Required work:
Print out each entry without alteration, and keep the pictures out.

===== Task data

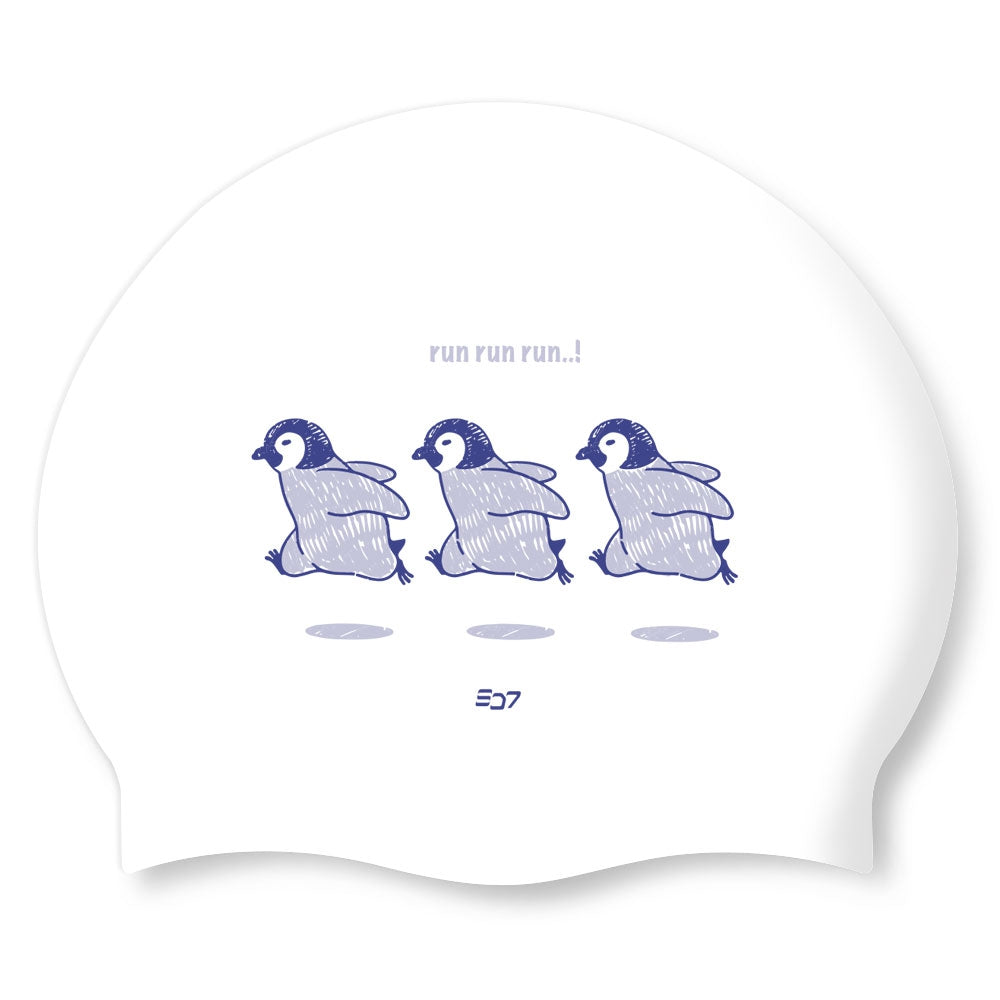 Swim-hero SD7 Silicone Swimming Cap Penguin Run White SGL-CA556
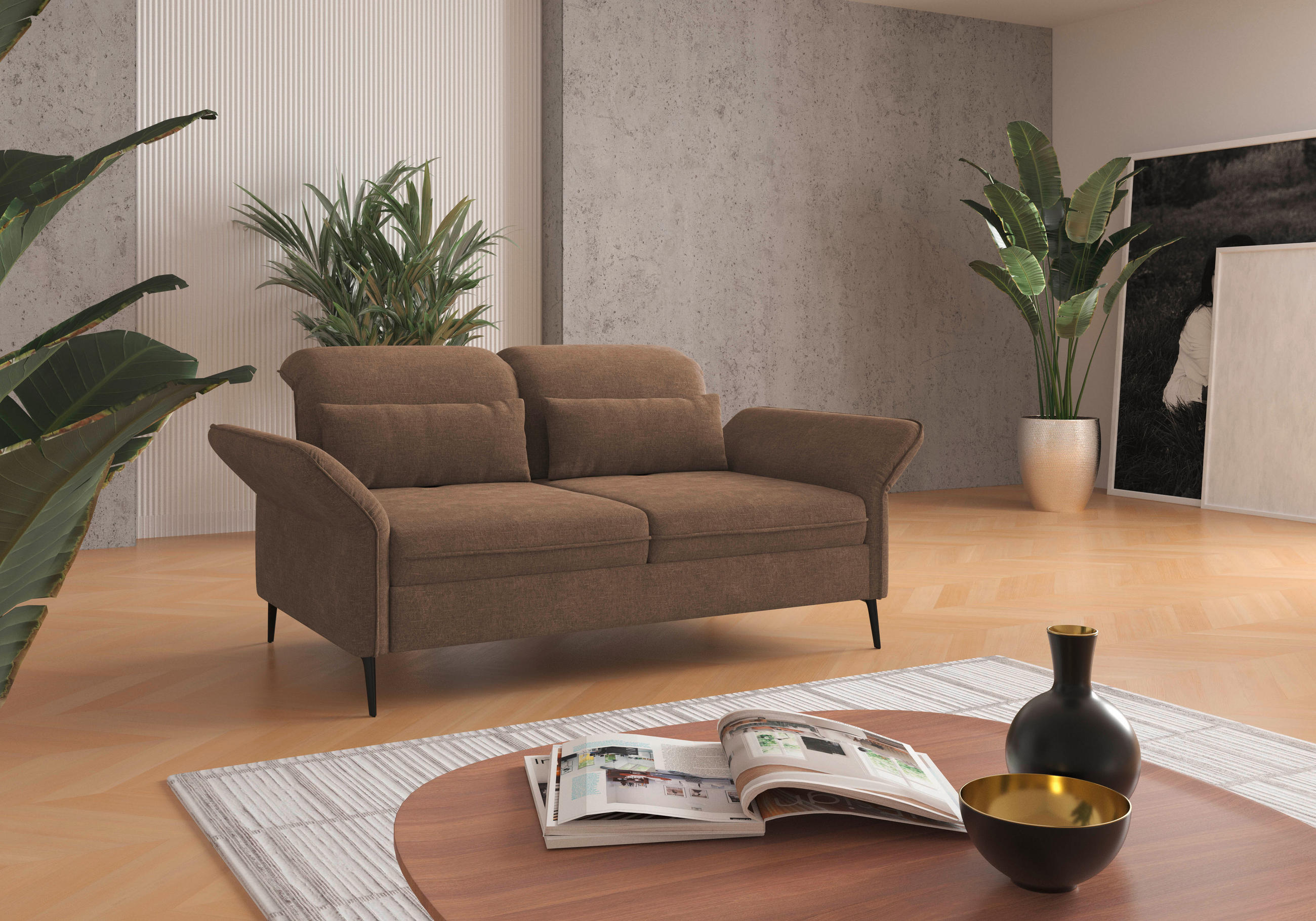 2,5-SITZER in Flachgewebe Hellbraun  - Hellbraun/Schwarz, KONVENTIONELL, Textil/Metall (189/92/123cm) - Sit & More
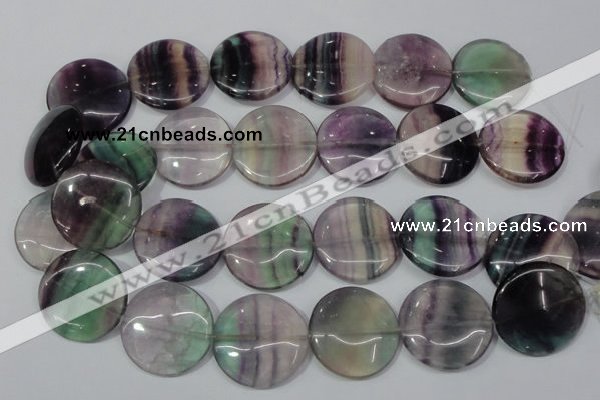 CFL169 15.5 inches 30mm flat round natural fluorite beads wholesale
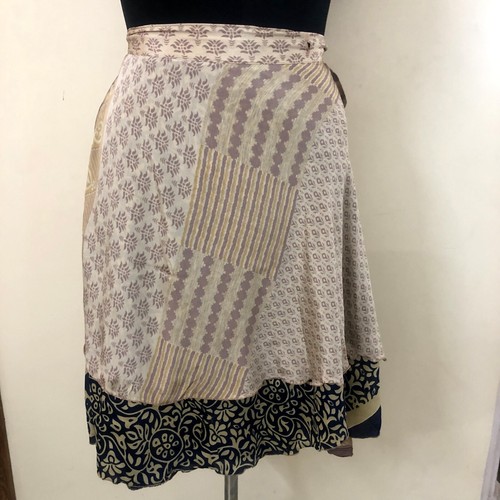 Indian Rapron Midi Ethnic Art Silk Hippie Skirt Bohemian Beach Wear Wrap Dress - Picture 9 of 13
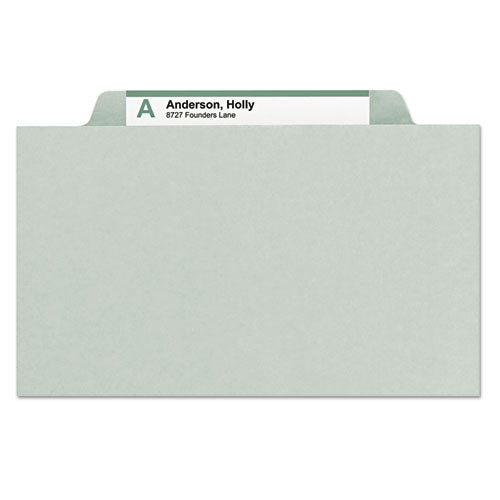 Image of Smead Expanding Recycled Heavy Pressboard Folders, 1/3-Cut Tabs: Assorted, Legal Size, 2" Expansion, Gray-Green, 25/Box
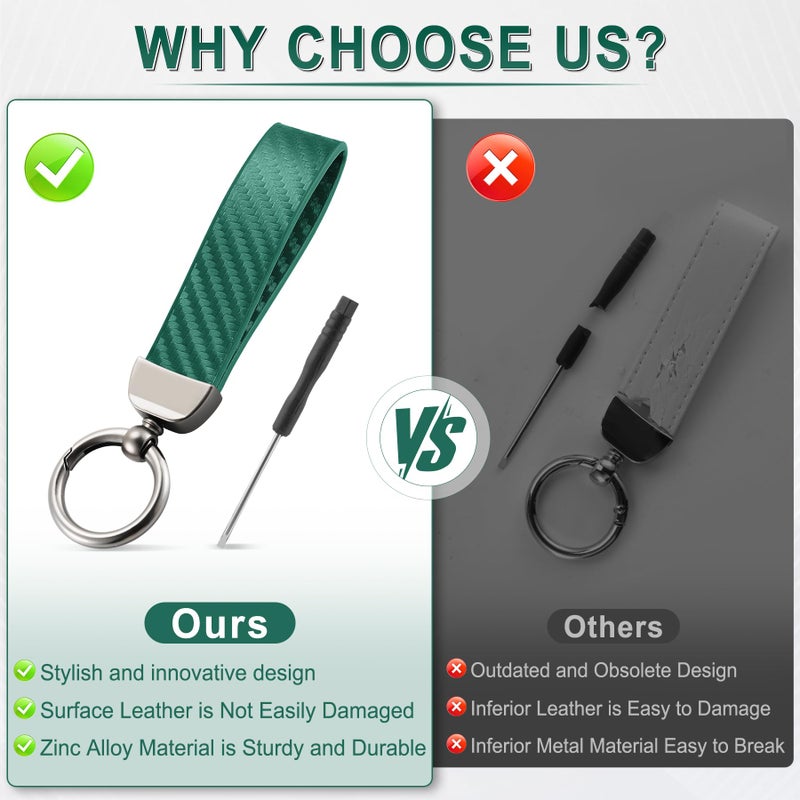 JUSTTOP Leather Keychain, Carbon Fiber Car Key Chain with Anti-Lost D-Ring and 2 Key Ring, Keychain Wristlet, Car Accessories, Universal Keychain for Men and Women (Green) - Image 5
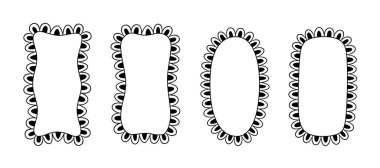 Karalamalı dikdörtgen ve oval taraklı çerçeveler. Elle çizilmiş kenar dikdörtgen ve elips şekilleri. Basit etiket formu. Çiçekli siluet dantel çerçeve. Vektör illüstrasyonu beyaz arkaplanda izole edildi.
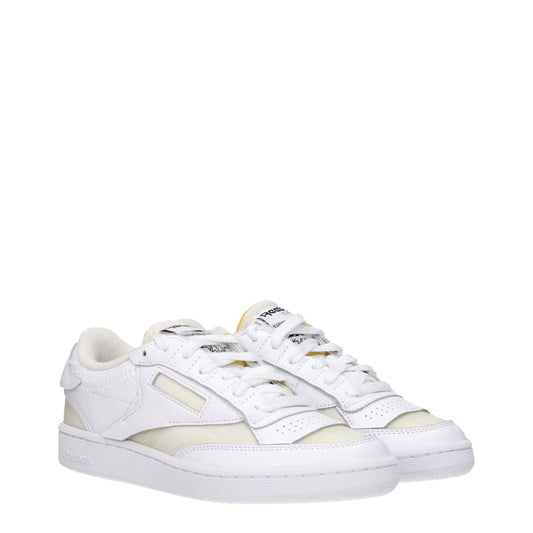 White Fabric Low Top Sneakers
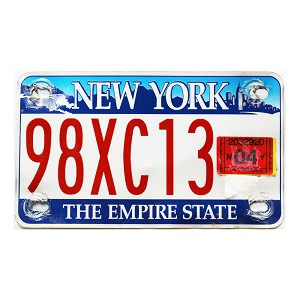 2004 New York Motorcycle License Plate #98XC13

==========

Expected answer:
 Swim-hero SD7 Silicone Swimming Cap Penguin Run White SGL-CA556
 2,5-SITZER in Flachgewebe Hellbraun  - Hellbraun/Schwarz, KONVENTIONELL, Textil/Metall (189/92/123cm) - Sit & More
 CFL169 15.5 inches 30mm flat round natural fluorite beads wholesale
 Indian Rapron Midi Ethnic Art Silk Hippie Skirt Bohemian Beach Wear Wrap Dress - Picture 9 of 13
 Image of Smead Expanding Recycled Heavy Pressboard Folders, 1/3-Cut Tabs: Assorted, Legal Size, 2" Expansion, Gray-Green, 25/Box
 JUSTTOP Leather Keychain, Carbon Fiber Car Key Chain with Anti-Lost D-Ring and 2 Key Ring, Keychain Wristlet, Car Accessories, Universal Keychain for Men and Women (Green) - Image 5
 Karalamalı dikdörtgen ve oval taraklı çerçeveler. Elle çizilmiş kenar dikdörtgen ve elips şekilleri. Basit etiket formu. Çiçekli siluet dantel çerçeve. Vektör illüstrasyonu beyaz arkaplanda izole edildi.
 White Fabric Low Top Sneakers
 2004 New York Motorcycle License Plate #98XC13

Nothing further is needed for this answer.